> _EXERCISE REQUIREMENTS_:
Please set down only the lines below starting with the line with "Downtown Bk 1br" and going on through the line with "Kebersamaan Taylor Swift", verbatim and without pictures.

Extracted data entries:
--

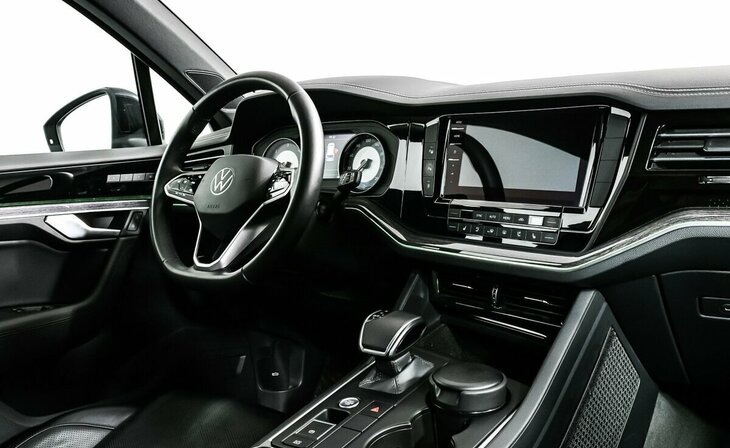 Volkswagen Touareg - Фото 9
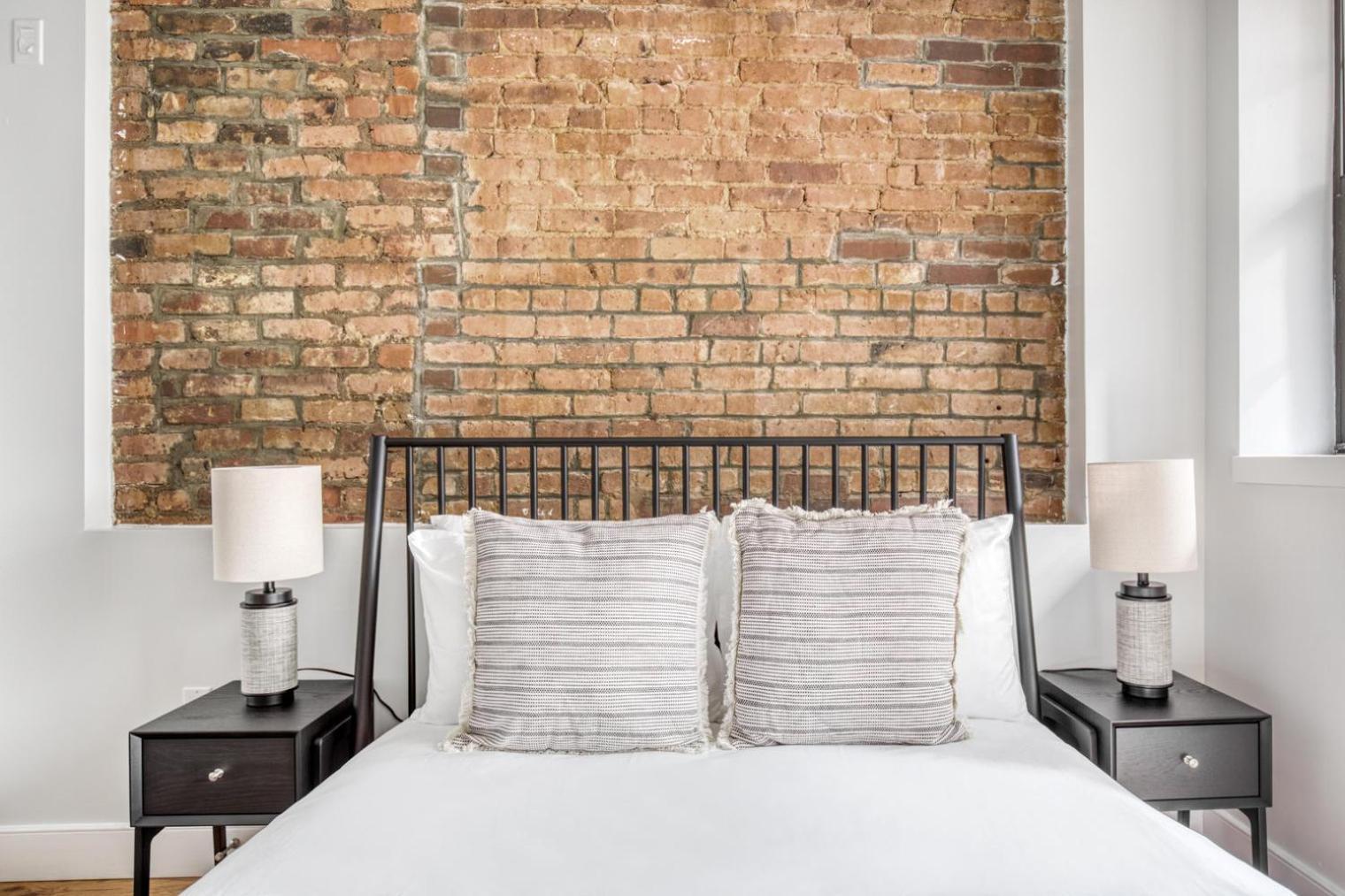 Downtown Bk 1br W Roof Gym Nr Train Nyc-698 Apartment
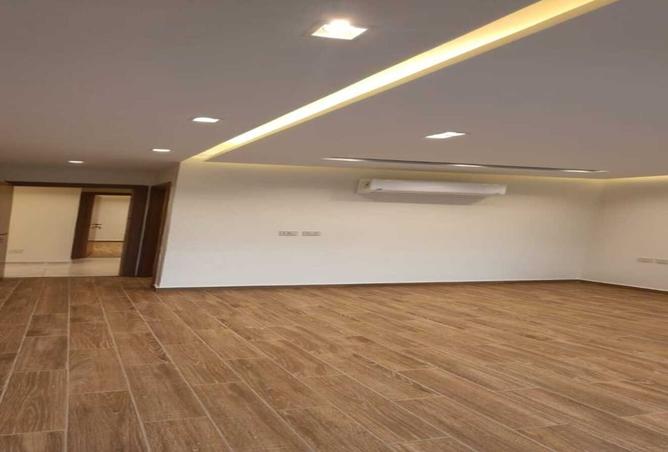 8423644 - Property Image 3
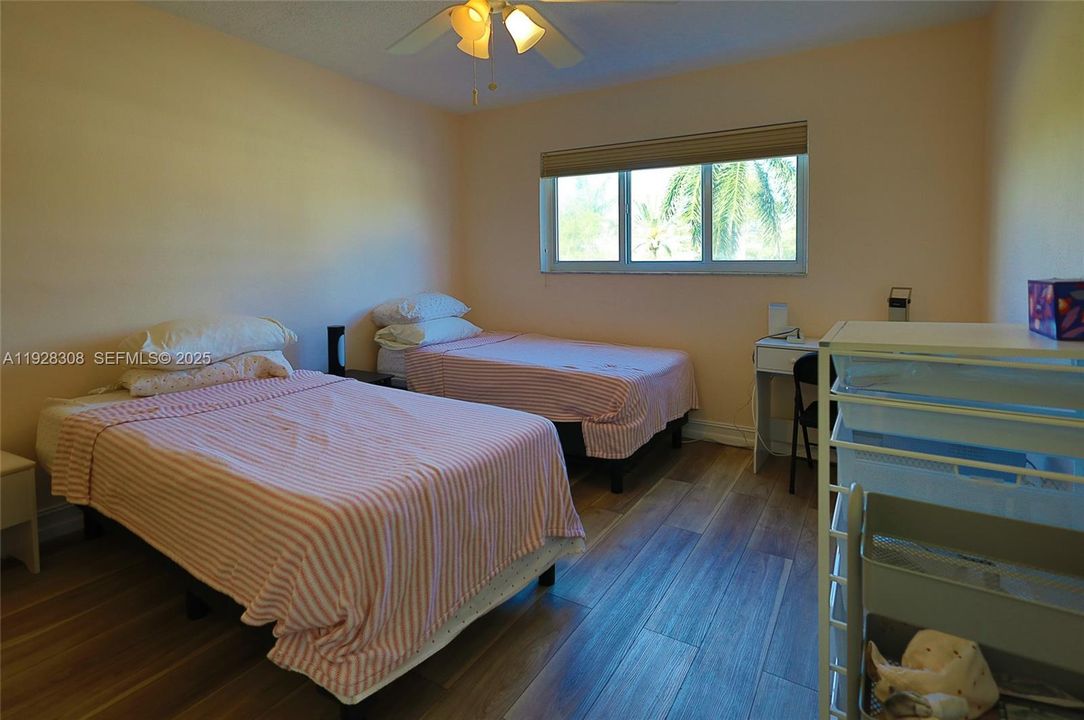 For Sale: $239,000 (2 beds, 2 baths, 1200 Square Feet)
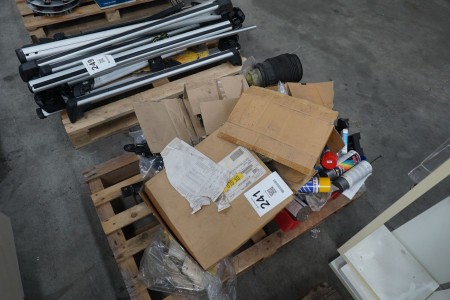 Various spray cans, spare parts, etc.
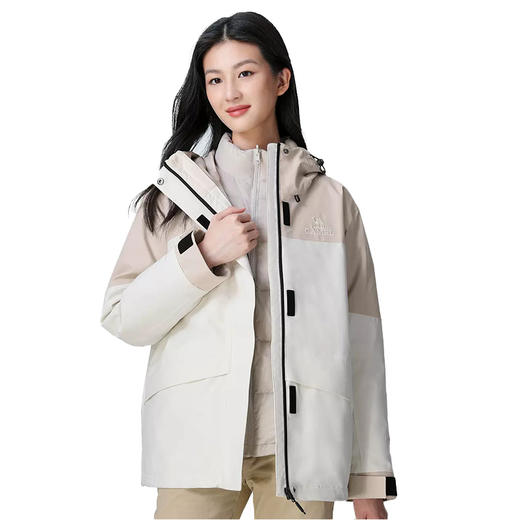 骆驼 女三合一冲锋衣（羽绒内胆） A23CA31098 商品图0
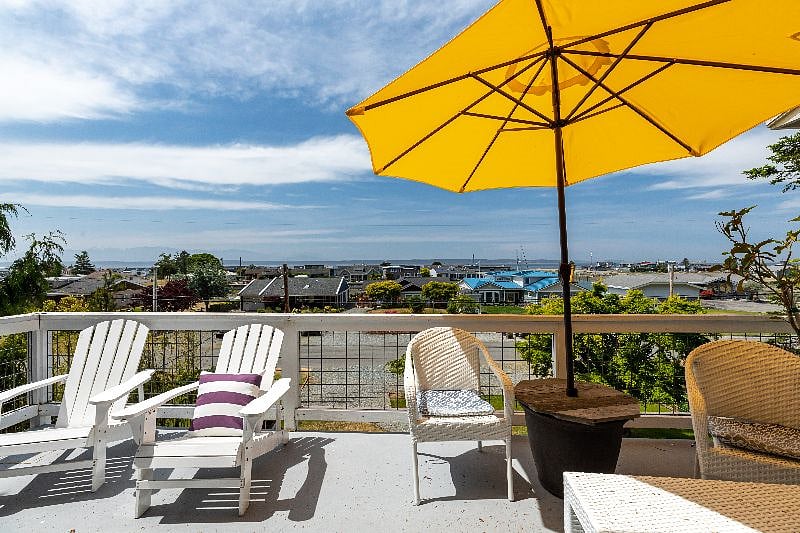 Upper level deck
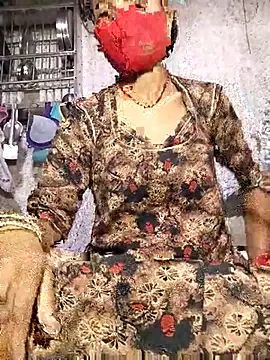 Snapshot of Anushka_Ji chatting on 06/17/26, 02:25 Anushka Ji online show from 06/17/26, 02:25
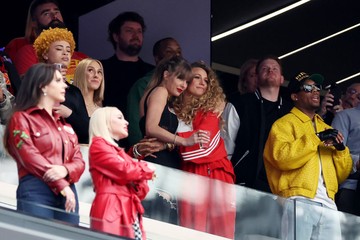 Kebersamaan Taylor Swift dan Blake Lively saat menyaksikan langsung Super Bowl 2024. (Foto: Getty Images/Ezra Shaw)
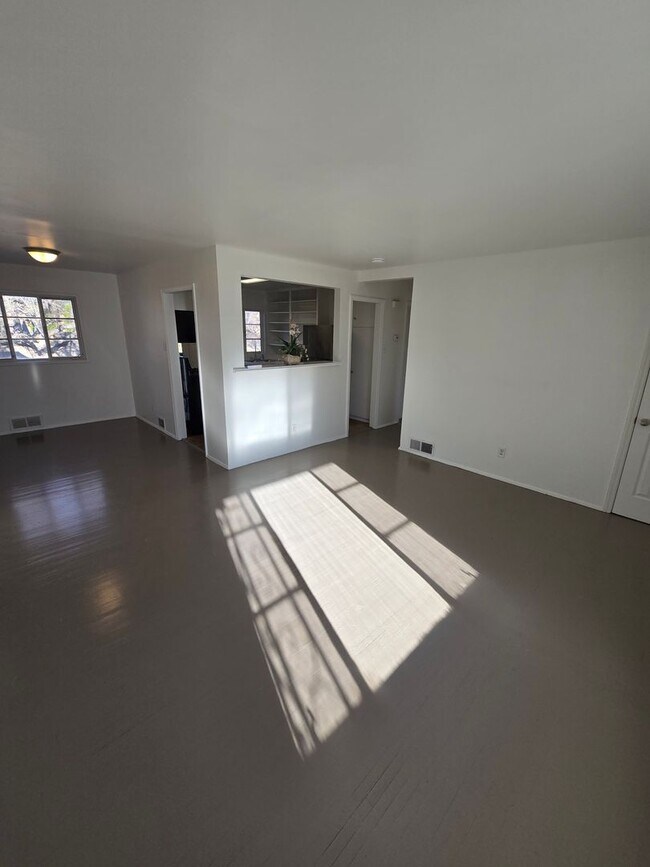 Foto del edificio - Centrally located in the NE Heights 4 bedroom, 1 3/4 Bath 1900 square feet.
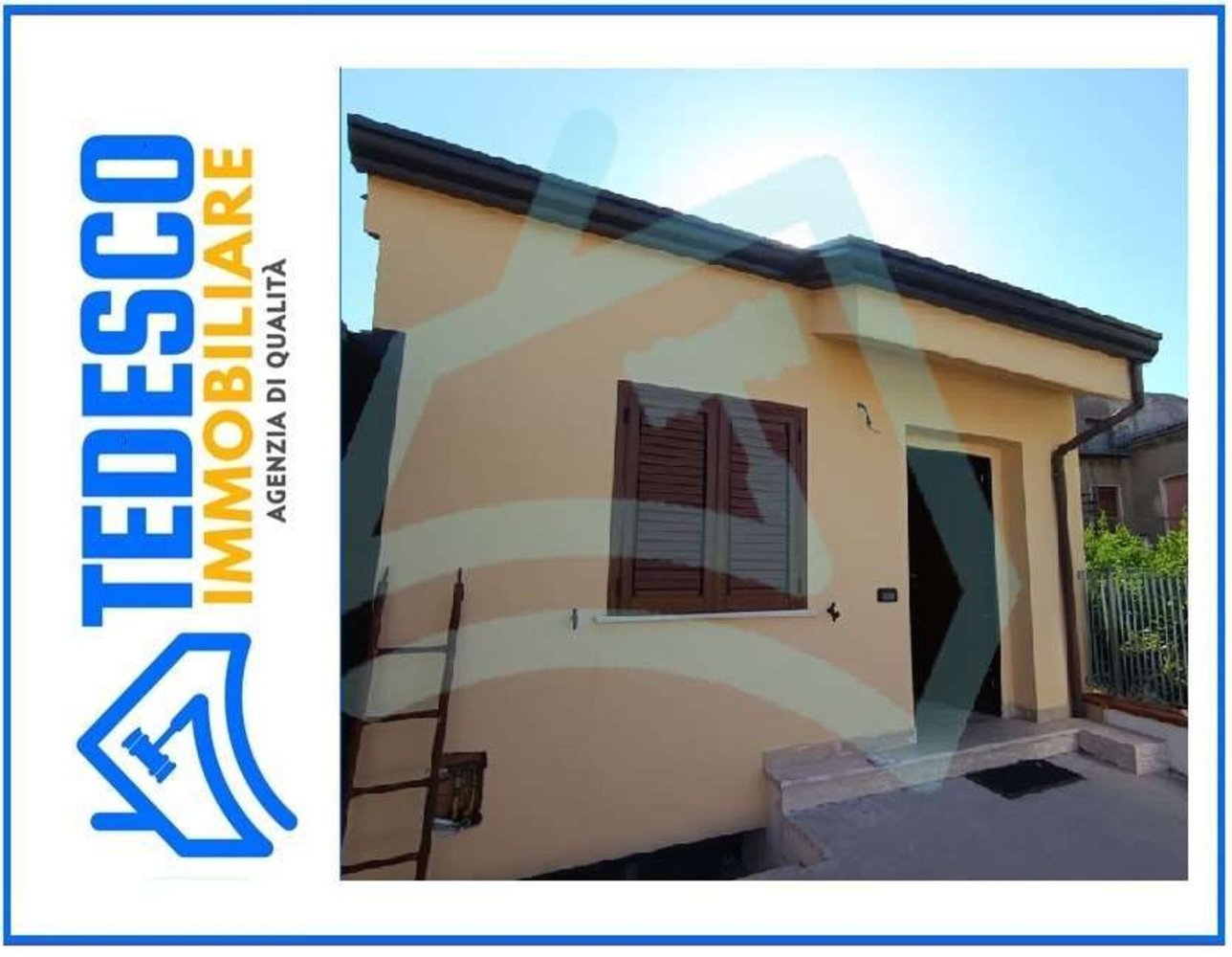 3-Zimmer Haus in Solopaca, Italy, Nr. 306726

--

> _RESULT BELOW_:
 Downtown Bk 1br W Roof Gym Nr Train Nyc-698 Apartment
 8423644 - Property Image 3
 For Sale: $239,000 (2 beds, 2 baths, 1200 Square Feet)
 Various spray cans, spare parts, etc.
 骆驼 女三合一冲锋衣（羽绒内胆） A23CA31098 商品图0
 Upper level deck
 Snapshot of Anushka_Ji chatting on 06/17/26, 02:25 Anushka Ji online show from 06/17/26, 02:25
 Kebersamaan Taylor Swift dan Blake Lively saat menyaksikan langsung Super Bowl 2024. (Foto: Getty Images/Ezra Shaw)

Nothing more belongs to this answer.